**Exercise goal**
Take the listing from its first line through the line that contains "Used BMW 5 Series" and please retype those lines exactly, leaving out the pictures.
++++ Records provided ++++
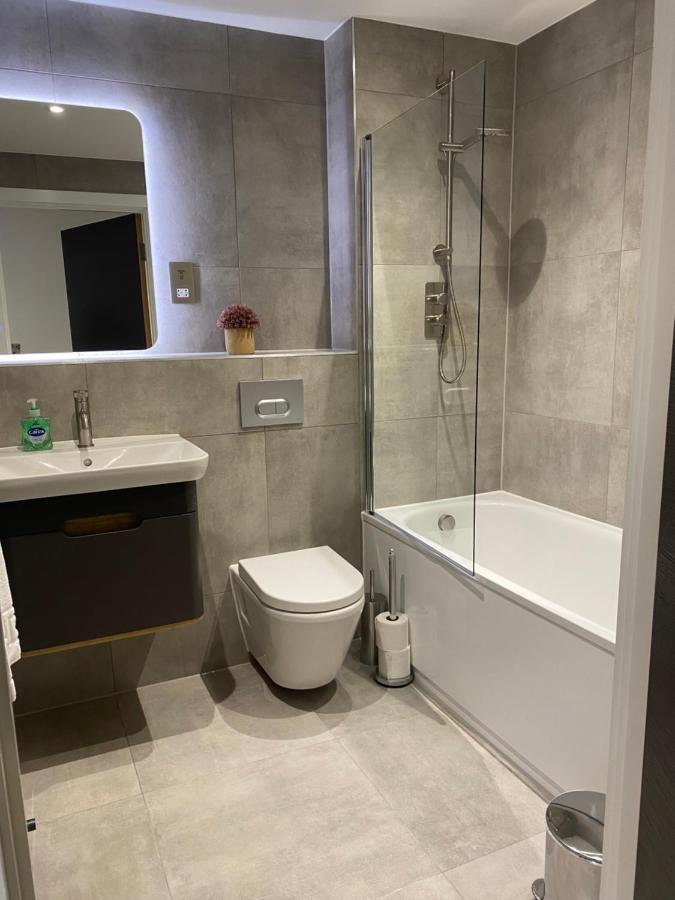 Icona - Brand New City Centre Apartment York Luaran gambar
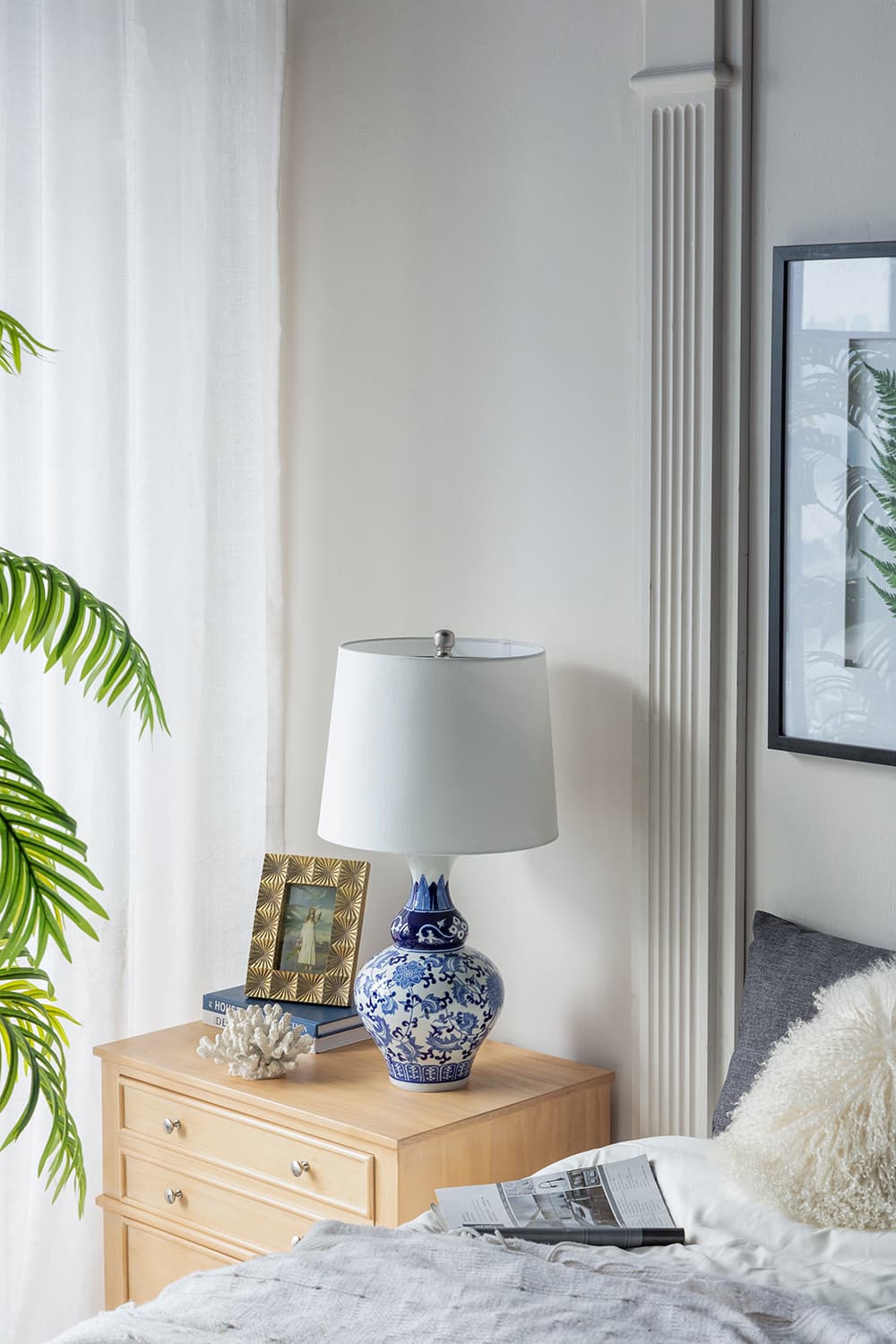 Alt View 2. Luckbyte - D14x27.6" Blue White Round Ceramic Vase Lamp.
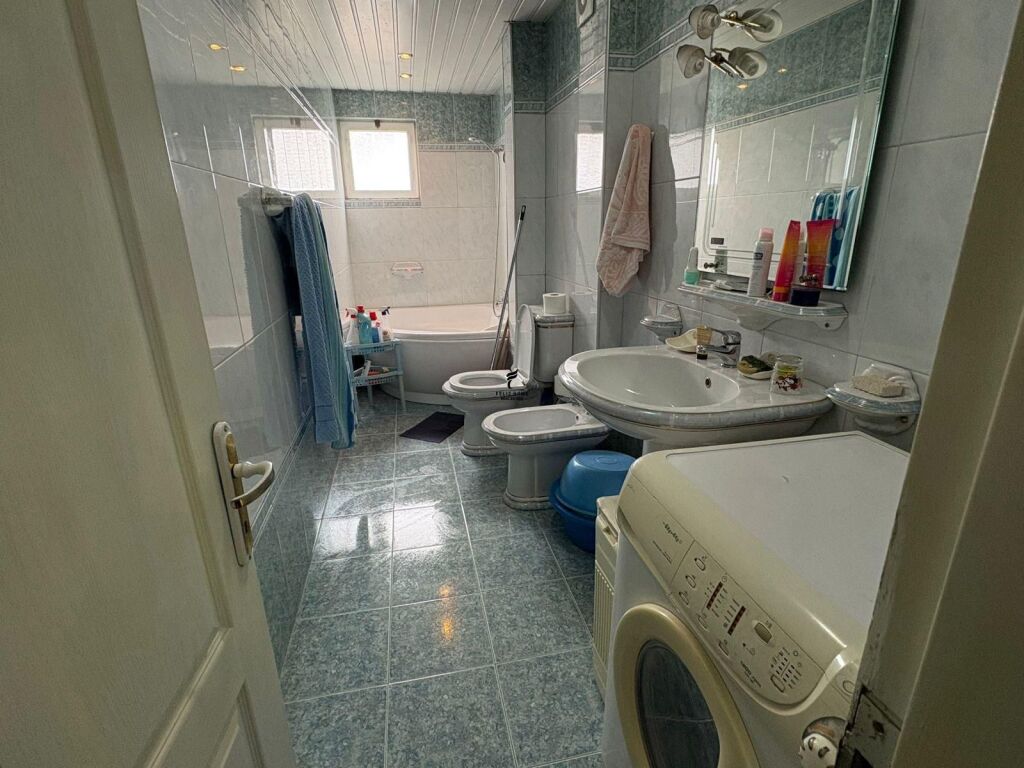 APPARTAMENTO IN AFFITTO 2+1 XHAMIA E TABAKEVE 60.000 LEKE FH-69565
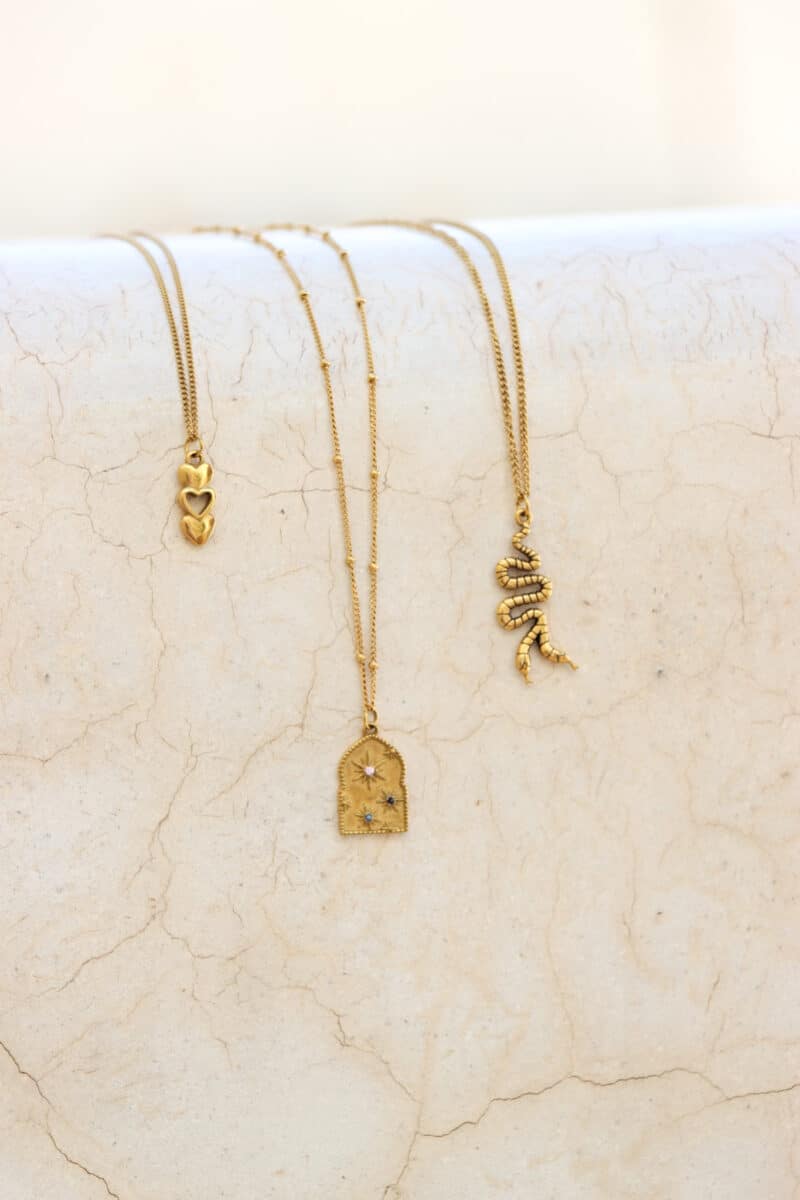 Silly snake necklace gold
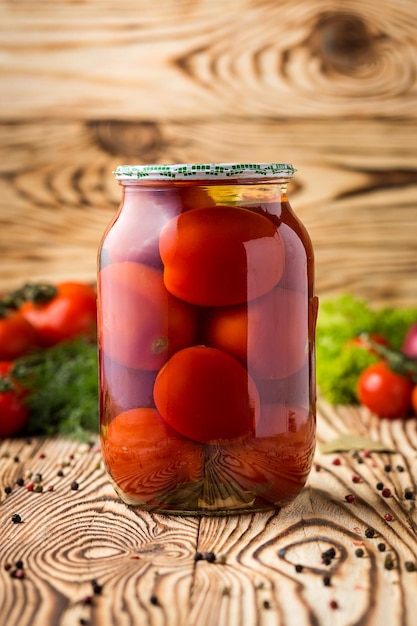 Tomates marinados con especias e ingredientes sobre un fondo de madera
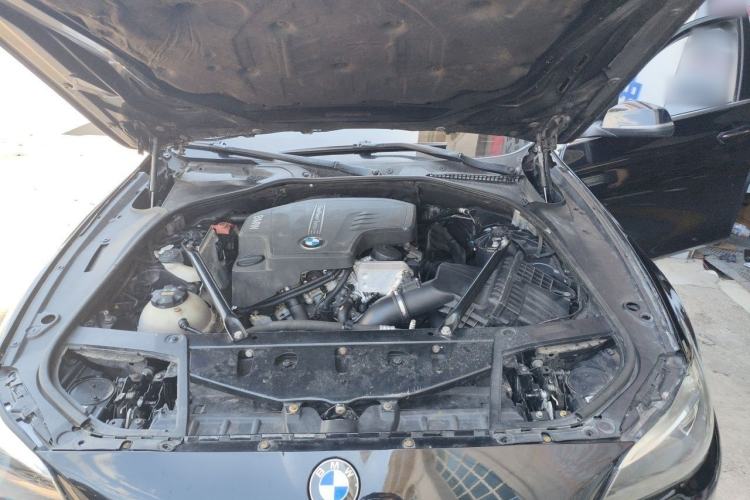 Used BMW 5 Series 2014 520i Elegant Edition Engine Bay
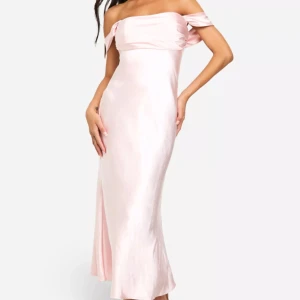 Ljusrosa axelbandslös långklänning i satin - Säljer en elegant ljusrosa långklänning i satin med axelbandslös design och är offshoulder. Perfekt som balklänning. säljer då jag inte gillade färgen eller passformen på mig, aldrig använd utan endast testad 😁 storlek 38 från boohoo 💞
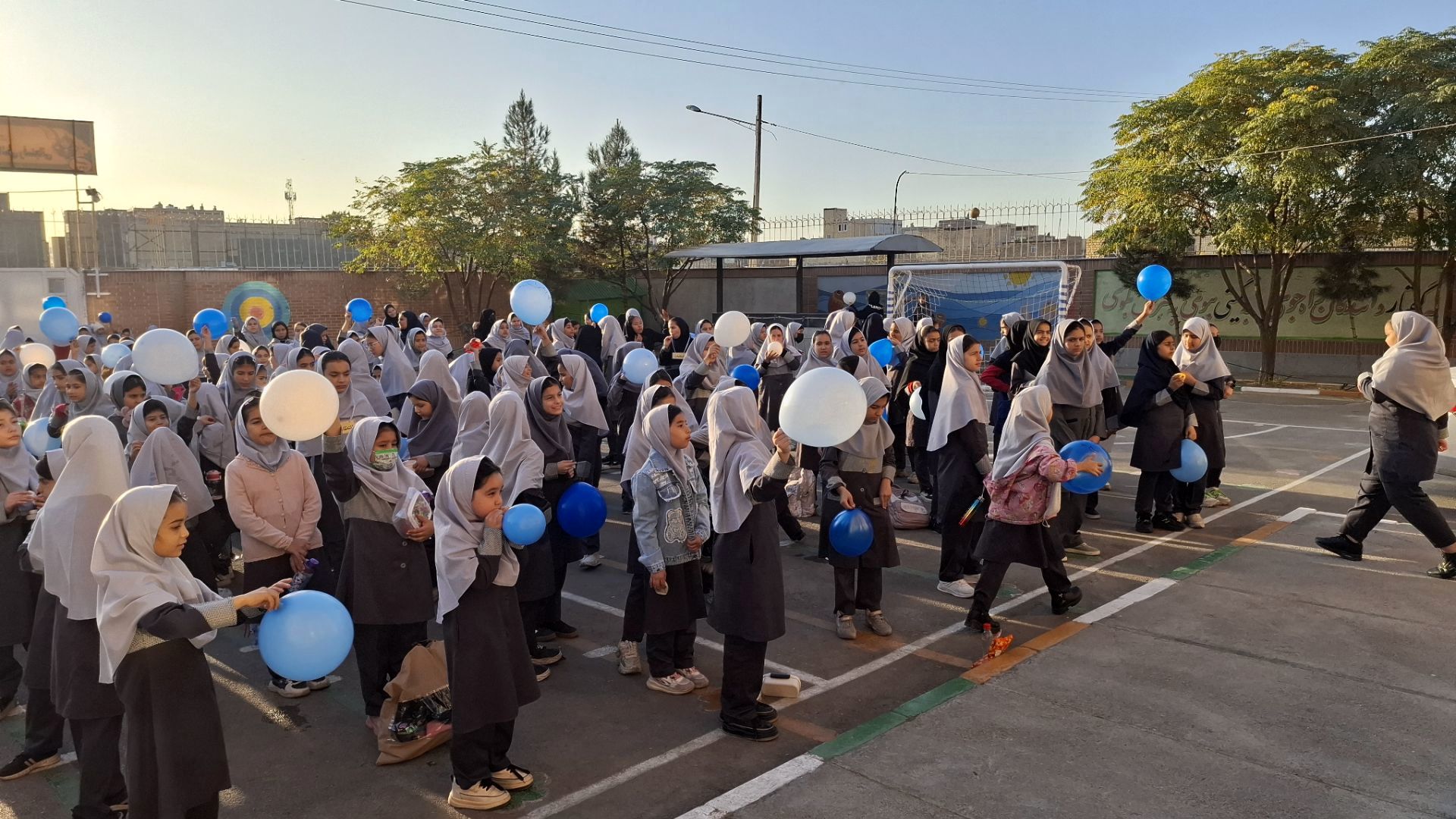 افتتاحیه سفیران سلامت در دبستان هاشمی رفسنجانی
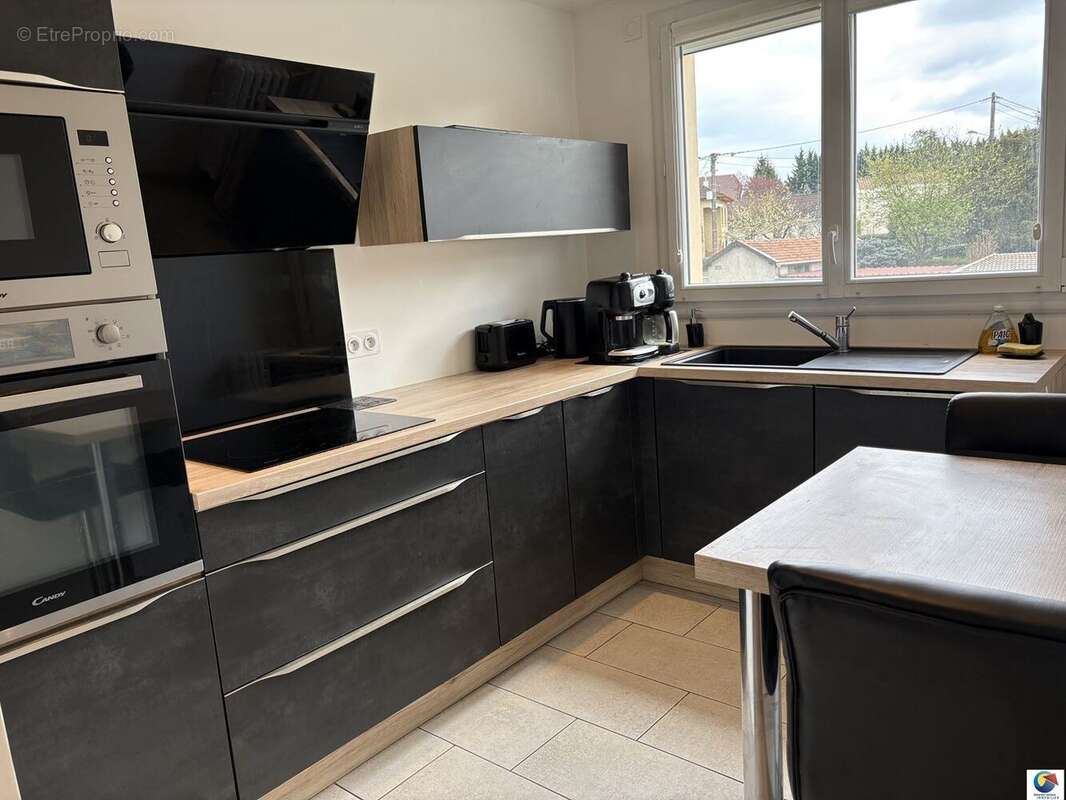 Appartement à LA VERPILLIERE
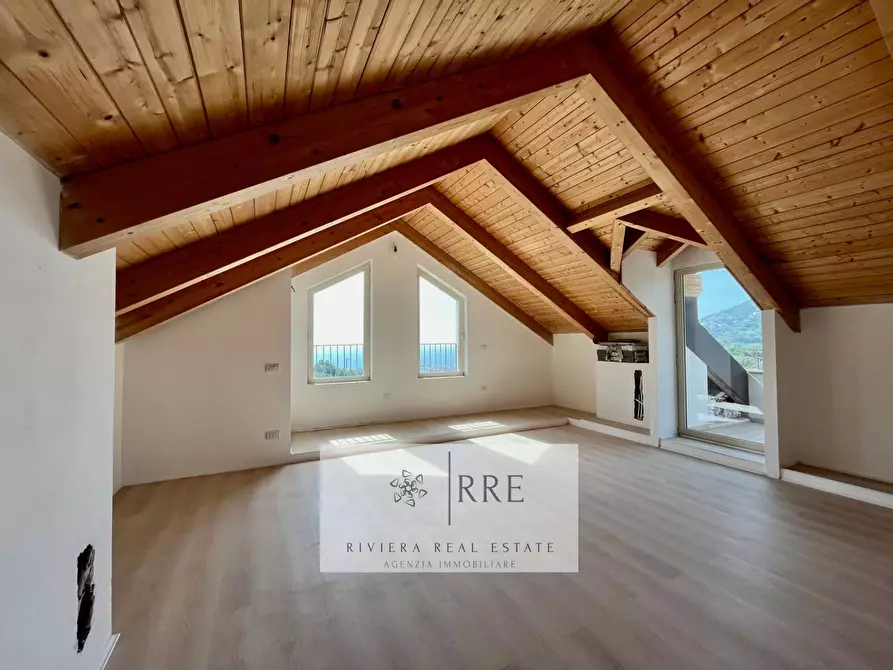 Immagine 5 di Attico in vendita  in via Valbona a Alassio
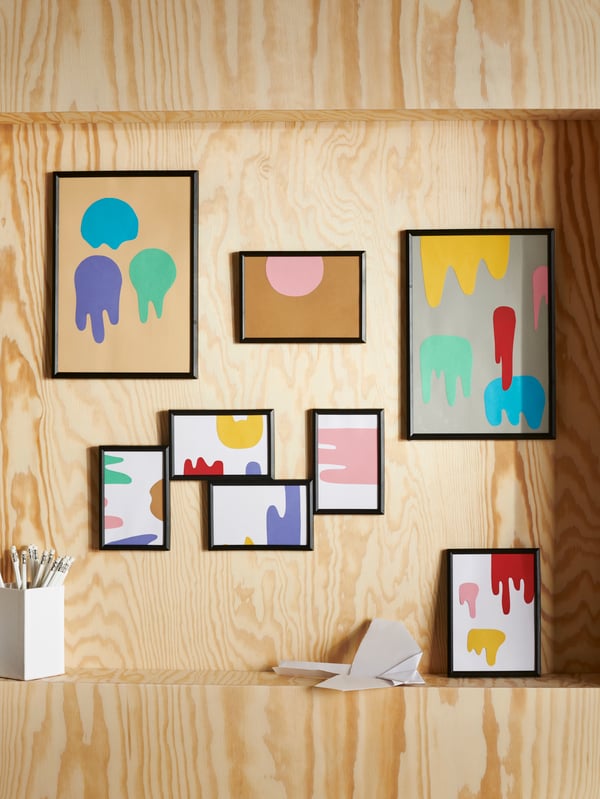 A black YLLEVAD frame in the home office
++++
**Finished exercise**
 Icona - Brand New City Centre Apartment York Luaran gambar
 Alt View 2. Luckbyte - D14x27.6" Blue White Round Ceramic Vase Lamp.
 APPARTAMENTO IN AFFITTO 2+1 XHAMIA E TABAKEVE 60.000 LEKE FH-69565
 Silly snake necklace gold
 Tomates marinados con especias e ingredientes sobre un fondo de madera
 Used BMW 5 Series 2014 520i Elegant Edition Engine Bay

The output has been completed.